A routine to initialize your data structures (sthread_user_init()).

The routines in sthread_ctx.h do all of the stack manipulation, PC changing, register storing, etc. Rather than focusing on that, this assignment focuses on managing the thread contexts. Viewed as a layered system, you need to implement the grey box below:

At the top layer, applications will use the sthread package (through the API defined in sthread.h). sthread.c will then call either the routines in sthread_pthread.c or your routines in sthread_user.c (it chooses based on the value passed to sthread_init()). Your sthread_user.c, in turn, builds on the sthread_ctx functions (as described in sthread_ctx.h).

Applications (the top-layer) may not use any routines except those listed in sthread.h. They must not know how the threads are implemented; they simply request that threads be created (after initializing the library), and maybe request yeilds/exits. For example, they have no access to sthread_queue. Nor do they keep lists of running threads around; that is the job of the grey box, to encapsulate and hide from the applications.

Similarly, your grey box - sthread_user.c - should not need to know how sthread_ctx is implemented, nor should it modify any functionality in that file. Do not attempt to modify the sthread_ctx_t directly; use the routines declared in sthread_ctx.h.

Recommended Procedure

Figure out what each function you need to implement does. Look at some of the test programs to see usage examples.
Examine the supporting routines we've provided (primarily in sthread_queue.h and sthread_ctx.h).
Design your threading algorithm: When are threads put on the ready queue? When are threads removed? Where is sthread_switch called?
Figure out how to start a new thread and what to do about the initial thread (the one that calls sthread_user_init).
Talk to your fellow students and the TAs about your design.
Implement it.
Test it. The test programs provided are not adequate; for full confidence in your implementation, you'll need to create some of your own.

Hints

sthread_create should not immediatly run the new thread.
Use the routines provided in sthread_ctx.h. You don't need to write any assembly or try to directly manipulate registers for this assignment, nor is an understanding of the exact layout of the stack required (in fact, the routines provided go to great lengths to avoid requiring such knowledge).
If the routine passed to sthread_create() finishes (returns), you need to make sure the thread's resources are released (i.e. sthread_exit() is called).
The start routine passed to sthread_new_ctx does not take any arguments (unlike the routine passed to your sthread_user_create). So you can't create a new stack directly with the user-supplied routine; you need to supply a routine that takes no arguments but somehow winds up invoking the user's routine with the user's argument.
You should free any resources allocated when a thread exits (whether it exits explicitly, by calling sthread_exit(), or implicitly, because the start routine returns). However, you should not attempt to free the stack of a running thread (note: to free a stack, use shread_free_ctx()). This requires a few tricks.
Dealing with the initial thread is tricky. You need to make sure that an sthread_t struct is created for it at some point, so it can be scheduled like the other threads. However, it wasn't created by your sthread_user_create() function.

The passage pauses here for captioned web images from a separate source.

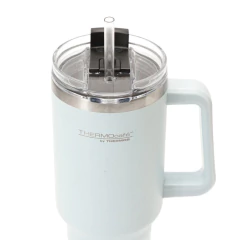 VASO TERMICO THERMOS CON SORBETE 1200ML CELESTE - Baby Filipa - Infancias en movimiento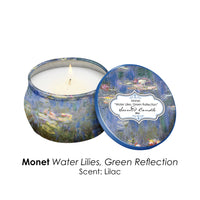 Monet Water Lilies Scented Candle Collection – Set of 4
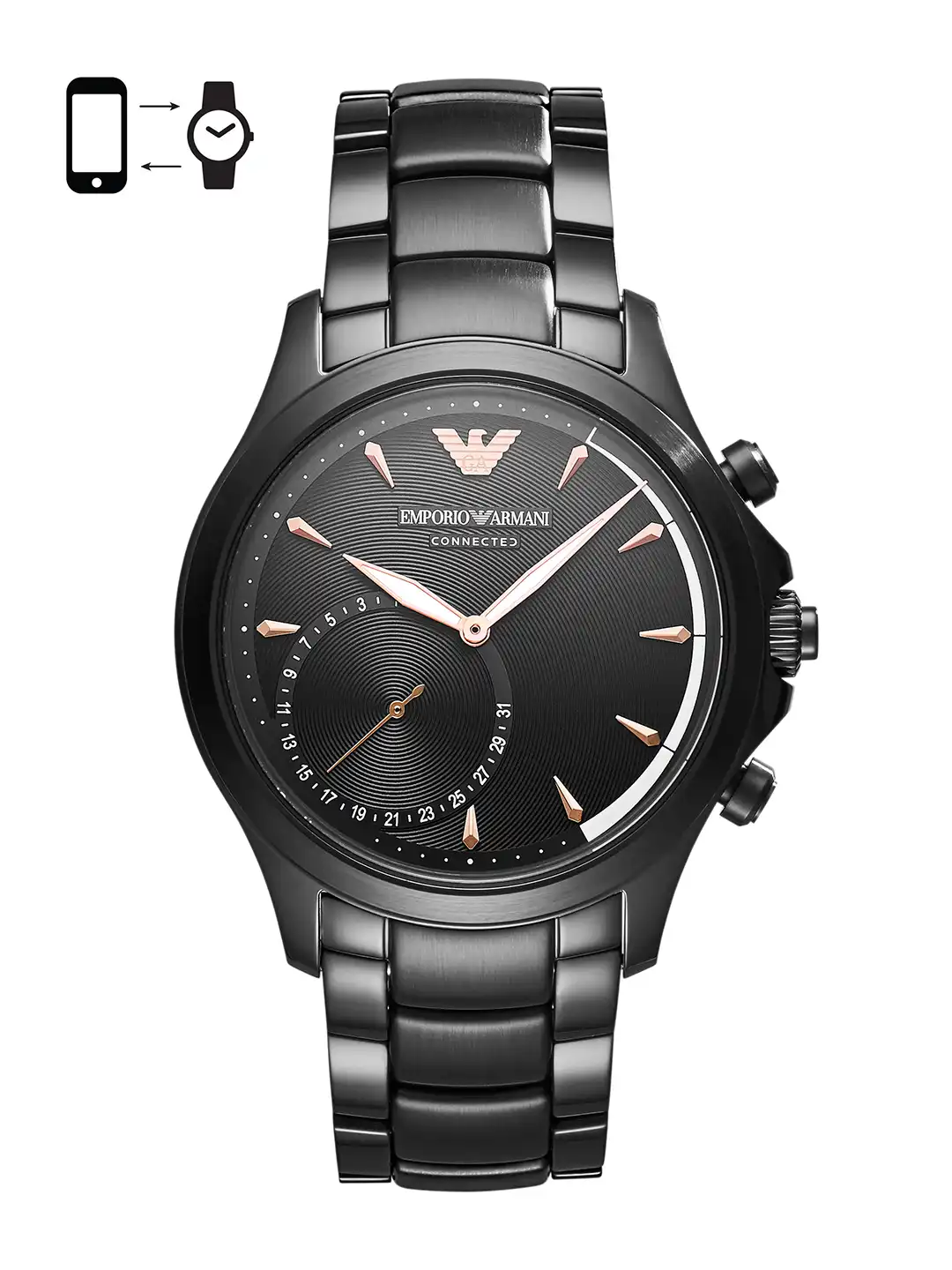 EMPORIO ARMANI CONNECTED ブラック 【公式通販】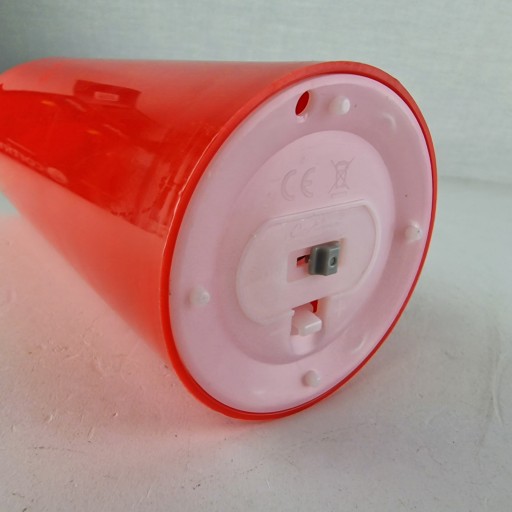 SVIEČKA LED VLOŽKA SVIEČKY PRE GRATÉNOVÉ BATÉRIE S POHYBLIVÝM PLAMEŇOM 17cm ČERVENÁ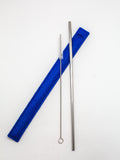 Stainless Steel Straw with Colored Sleeve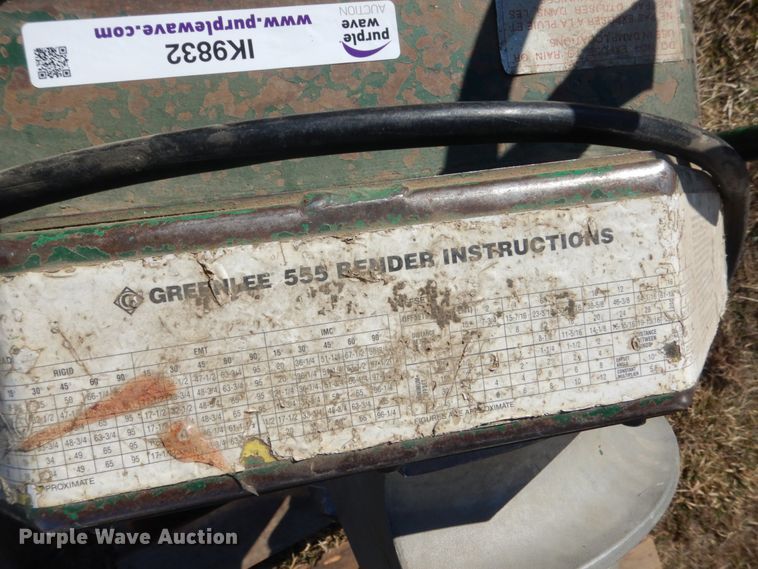 image for item IK9832 (2) Greenlee 555 conduit benders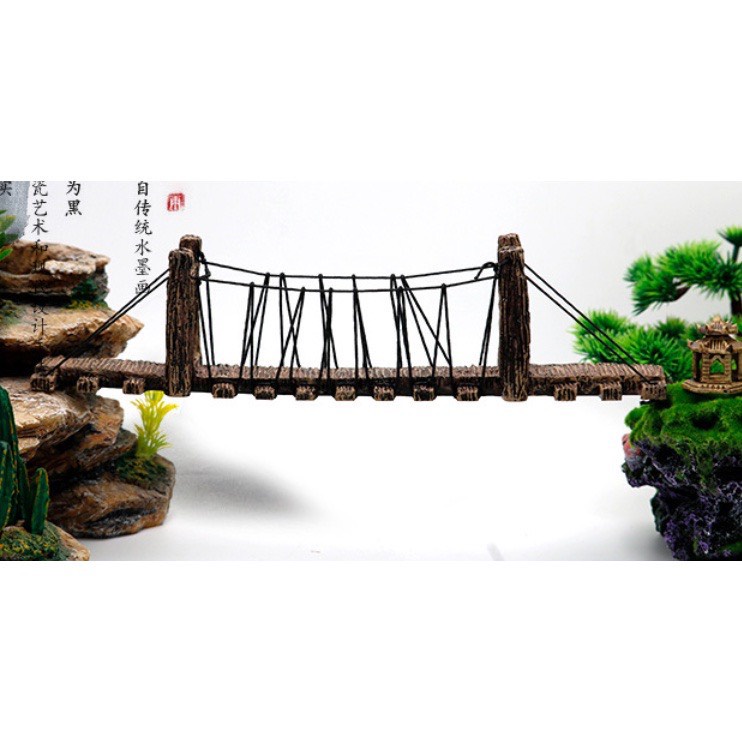 Mô Hình Cầu Treo - Mô Hình Trang Trí Bể Cá - Tiểu Cảnh - Phụ Kiện Thủy Sinh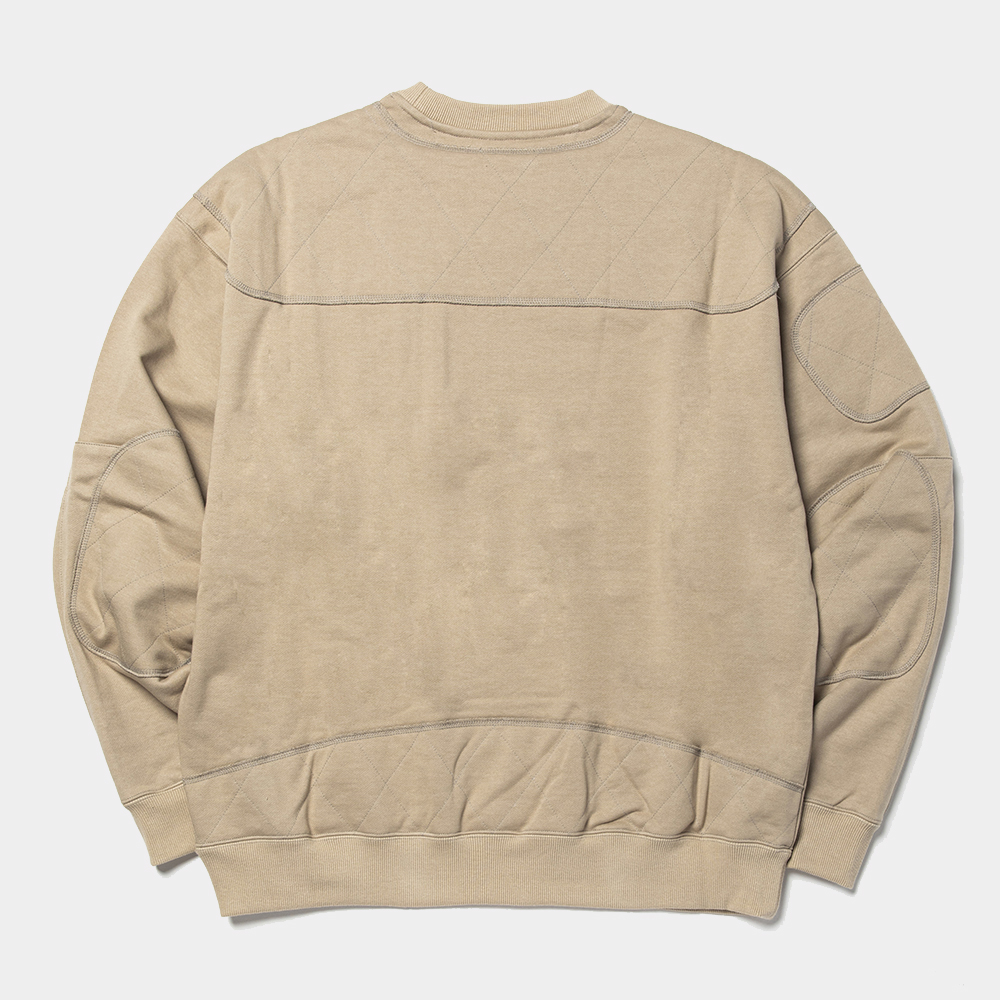 Crisp Pad Sweatshirt/Beige
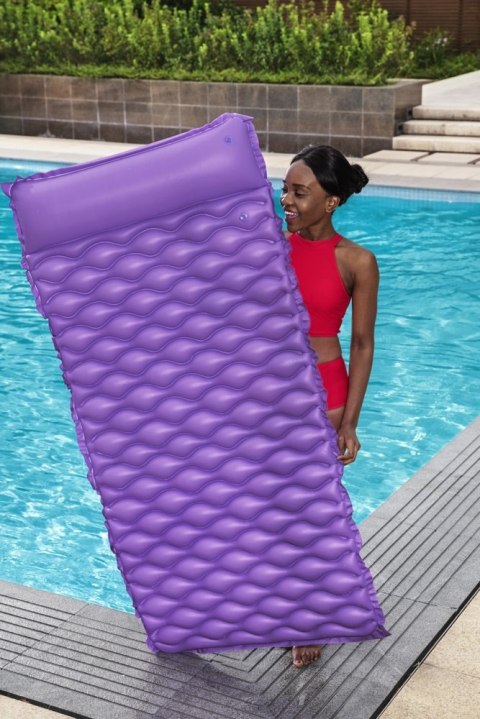 Bestway Dmuchany Materac Plażowy Fioletowy 213 x 86 cm Bestway 44020 Bestway Dmuchany Materac Plażowy Fioletowy 213 x 86 cm Bestway 44020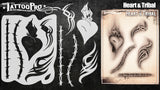 Heart & Tribal - Tattoo Pro Stencils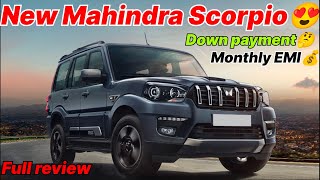 New Mahindra Scorpio s11classic 😍on road price down payment monthly EMI full review Scorpio s11 [upl. by Rosenzweig]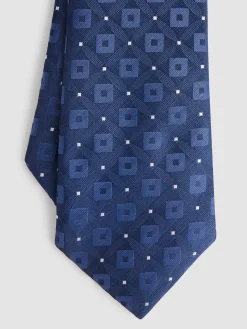 Corbatas|Corbatas-Alvaro Moreno CORBATA JACQUARD MF Azul Marino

Remember that, while a thread is running, the state stored in the sthread_t is garbage (though it is probably important that you have a such a struct, so you've got some place to put the state when you want to stop the thread).
Be very careful using any local variables after calling sthread_switch() as their values are quite likely different from what they were before (you're on a different stack).
While global variables are bad in general, there will be places in this assignment where they are necessary.
To debug with gdb(1) or any other debugger, run the configure script with --disable-shared (and then re-run make from the top level). This disables shared-libraries, which cause trouble for the debugger. When you run the project, gdb will stop each time you create a new thread with a message like "Program received signal SIGUSR1, User defined signal 1." This is OK - just type continue.

Part 2: Implement Mutexes and Condition Variables

For part 2, you'll use the thread system you wrote in part 1, extending it to provide support for mutexs (a.k.a. locks) and condition variables. Skeleton functions are again provided in lib/sthread_user.c. You need to:

Design data structures for mutexes (struct _sthread_mutex) and condition variables (struct _sthread_cond).
Implement the mutex operations (sthread_user_mutex_*()).
Implement the condition variable operations (sthread_user_cond_*()).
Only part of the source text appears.